Speech coding is an application of data compression of digital audio signals containing speech. Speech coding uses speech-specific parameter estimation using audio signal processing techniques to model the speech signal, combined with generic data compression algorithms to represent the resulting modeled parameters in a compact bitstream.

The two most important applications of speech coding are mobile telephony and Voice over IP.

The techniques employed in speech coding are similar to those used in audio data compression and audio coding where knowledge in psychoacoustics is used to transmit only data that is relevant to the human auditory system. For example, in voiceband speech coding, only information in the frequency band 400 Hz to 3500 Hz is transmitted but the reconstructed signal is still adequate for intelligibility.

Speech coding differs from other forms of audio coding in that speech is a much simpler signal than most other audio signals, and a lot more statistical information is available about the properties of speech. As a result, some auditory information which is relevant in audio coding can be unnecessary in the speech coding context. In speech coding, the most important criterion is preservation of intelligibility and “pleasantness” of speech, with a constrained amount of transmitted data.

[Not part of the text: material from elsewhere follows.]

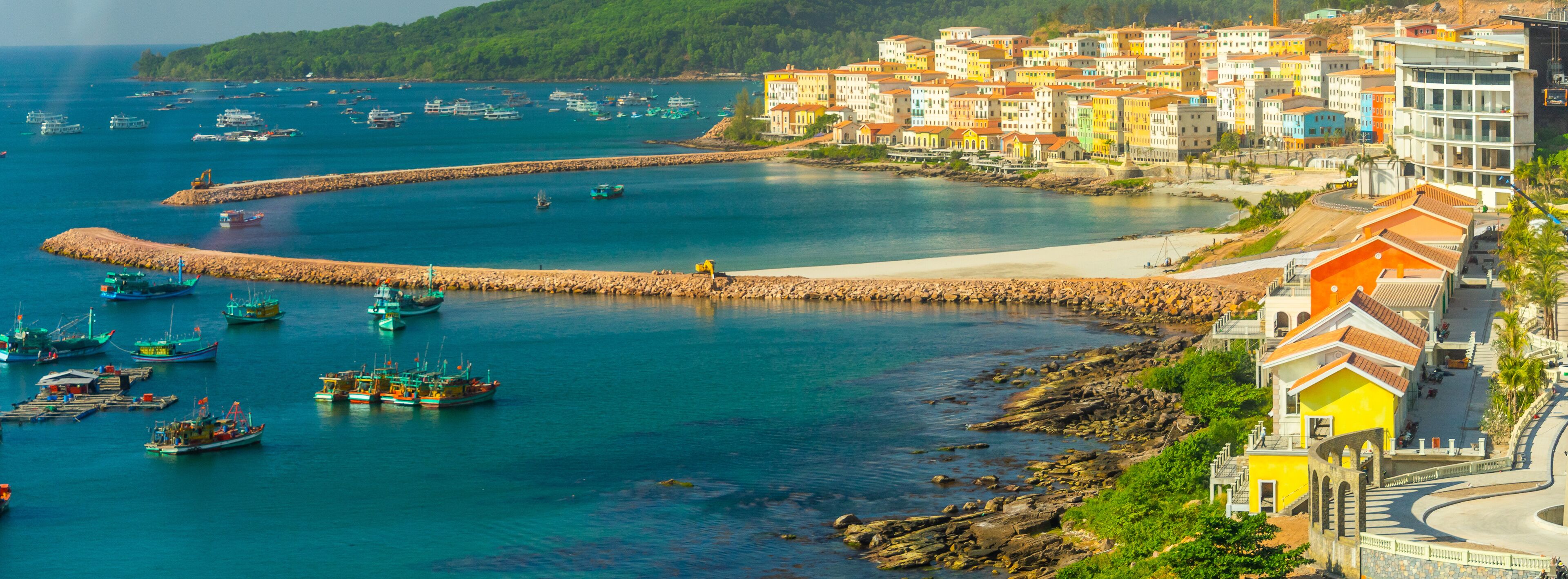 A coastal town with colorful buildings, a rocky breakwater, and boats in the water.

The intelligibility of speech includes, besides the actual literal content, also speaker identity, emotions, intonation, timbre etc. that are all important for perfect intelligibility. The more abstract concept of pleasantness of degraded speech is a different property than intelligibility, since it is possible that degraded speech is completely intelligible, but subjectively annoying to the listener.

In addition, most speech applications require low coding delay, as long coding delays interfere with speech interaction.